Within a year or so, three major events had a huge impact on life in Dunlavin and the rest of Ireland. Firstly, the onset of the great flu pandemic greatly affected the village. As Ida Milne has observed: ‘The Spanish influenza pandemic silenced whole communities as it passed through, extracting a devastating death toll and even more astounding numbers of sufferers’.[18] According to Leo Dempsey of Dunlavin ‘In this town alone there was an average of three deaths a week and in many houses whole families were stricken down; very few people attended the wakes for fear of themselves becoming victims of the disease’.[19] The second outbreak of the pandemic was rife in November 1918, when the Great War ended. The armistice was another major event, but soldiers returning to Dunlavin would come back to a changed village. Thirdly, the new political reality was anticipated when a general election was called immediately after the end of the war. The election of 14 December, 1918 was the first one in which women could vote. The Representation of the People Act (1918) had given the vote to women of thirty years old and over (subject to a property qualification), and legislation was then introduced to allow women to stand for election themselves. [20] In west Wicklow, a Sinn Féin poster hoped that ‘the women of Wicklow would cast their first vote for independence, Robert Barton and a free Ireland’. [21] The recent threat of conscription and the wave of arrests in the wake of the ‘German Plot’ of May 1918 helped to galvanize support for Sinn Féin, and many Dunlavin voters, both female and male, must have celebrated when Barton was indeed returned for west Wicklow,[22] and a new political era dawned.

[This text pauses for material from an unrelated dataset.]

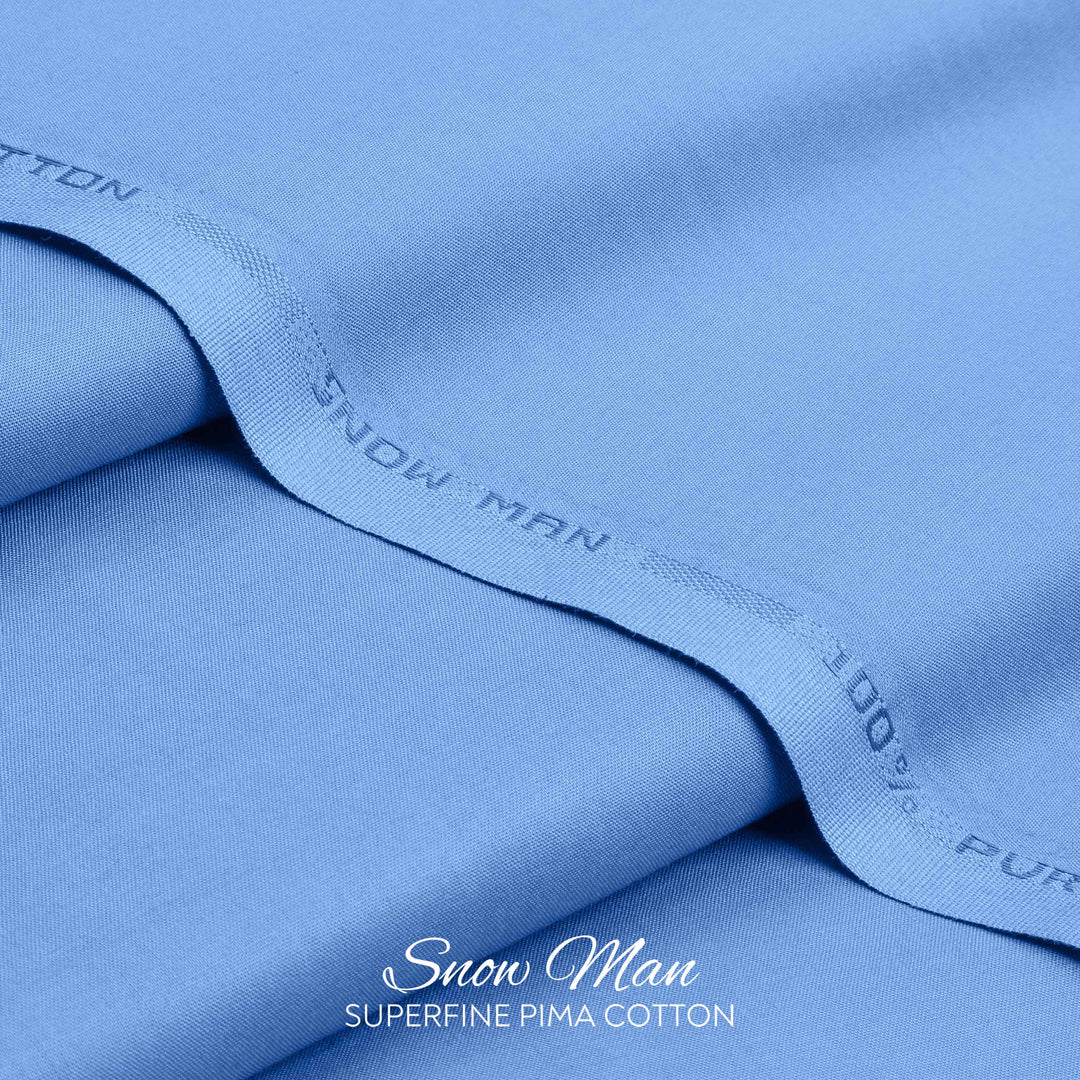 Snow Man - Soft Pima Cotton - (Dutch Blue)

[1] http://centenaries.nationalarchives.ie/centenaries/plic/about.jsp (visited on 7 Jan 2019).
[2] N.A.I., Property Losses (Ireland) Committee, compensation files, PLIC/1/3314. Maguire was described as a ‘publican’s assistant’ and he used the spelling ‘Cryhelp’ to denote his home place.

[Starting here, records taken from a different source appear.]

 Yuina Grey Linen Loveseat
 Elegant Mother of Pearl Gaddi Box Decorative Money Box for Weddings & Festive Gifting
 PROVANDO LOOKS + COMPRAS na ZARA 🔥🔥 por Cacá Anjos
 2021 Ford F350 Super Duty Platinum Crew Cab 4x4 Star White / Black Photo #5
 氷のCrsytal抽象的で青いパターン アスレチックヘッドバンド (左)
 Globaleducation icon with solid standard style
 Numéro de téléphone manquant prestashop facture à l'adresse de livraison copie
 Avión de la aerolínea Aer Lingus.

[3] N.A.I., Property Losses (Ireland) Committee, compensation files, PLIC/1/5431.
[4] N.A.I., Property Losses (Ireland) Committee, compensation files, PLIC/1/4459.

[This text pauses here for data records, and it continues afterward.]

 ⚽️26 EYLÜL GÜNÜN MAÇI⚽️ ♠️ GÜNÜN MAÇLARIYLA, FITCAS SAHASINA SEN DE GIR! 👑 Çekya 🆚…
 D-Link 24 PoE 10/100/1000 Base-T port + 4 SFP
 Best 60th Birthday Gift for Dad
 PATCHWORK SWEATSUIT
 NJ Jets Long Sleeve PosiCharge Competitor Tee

[5] Cora Crampton, ‘The Tullow Line’, Journal of the West Wicklow Historical Society, i (1983-4), p. 8.
[6] Martin Timmons, Wicklow and the 1916 rising (Greystones, 2016), p. 42 and Paul P. Tyrrell ‘Patrick (Patsy) Kavanagh (1897-1957) of Rathballylong, Co Wicklow’ in Federation of Local History Societies’ Journal, 22 (2017), p. 103.
[7] Leinster Leader, 17 Jun 1916.
[8] Irish Military Archive, Military Service Pensions Collection, SP9212, (W24SP9212JOSEPHJOHNBYRNE online pdf, visited 10 Dec 2019).
[9] Tyrrell ‘Patrick (Patsy) Kavanagh’, p. 103.
[10] Timmons, Wicklow and the 1916 rising, p. 42.
[11] Arthur Griffith, The resurrection of Hungary: a parallel for Ireland (Dublin, 1904), passim. For an overview of and commentary on Griffith’s political and economic policies, see Owen McGee, Arthur Griffith (Sallins, 2015), pp 73-95.
[12] Calton Younger, Arthur Griffith (Dublin, 1981), pp 60-7. See also McGee, Arthur Griffith, pp 163-172.
[13] N.L.I., 1918 Election Handbill, Department of Ephemera, EPH B231.
[14] https://www.rarebooks.ie/shop/books/d.o.r.a.-at-westminster (visited on 17 Jan 2019). Other speakers at the meeting included Alderman Walter Cole, personal friend of Arthur Griffith and honorary secretary of Sinn Féin in 1917. https://ucdculturalheritagecollections.com/2018/10/04/mother-father-and-ideal-friend/ (visited on 17 Jan 2019).
[15] Nationalist and Leinster Times, 27 Oct 1917.
[16] Younger, Arthur Griffith, p. 67.
[17] Leinster Leader, 10 Nov 1917.
[18] Ida Milne, Stacking the coffins: influenza, war and revolution in Ireland 1918-19 (Manchester, 2018), p. 5.
[19] UCD Archive, Irish Folklore Collection, The Schools’ Collection, Dunlavin N.S. (B), vol 914, f. 40.
[20] https://www.parliament.uk/about/living-heritage/transformingsociety/electionsvoting/womenvote/case-study-the-right-to-vote/the-right-to-vote/birmingham-and-the-equal-franchise/1918-representation-of-the-people-act/ (visited on 12 Nov 2019). The franchise was also extended to all males of twenty-one years of age and over.
[21] http://catalogue.nli.ie/Record/vtls000266109 (visited on 12 Nov 2019).
[22] For a brief overview of the political career of Robert Barton, see Chris Lawlor, The little book of Wicklow (Dublin, 2014), pp 104-9.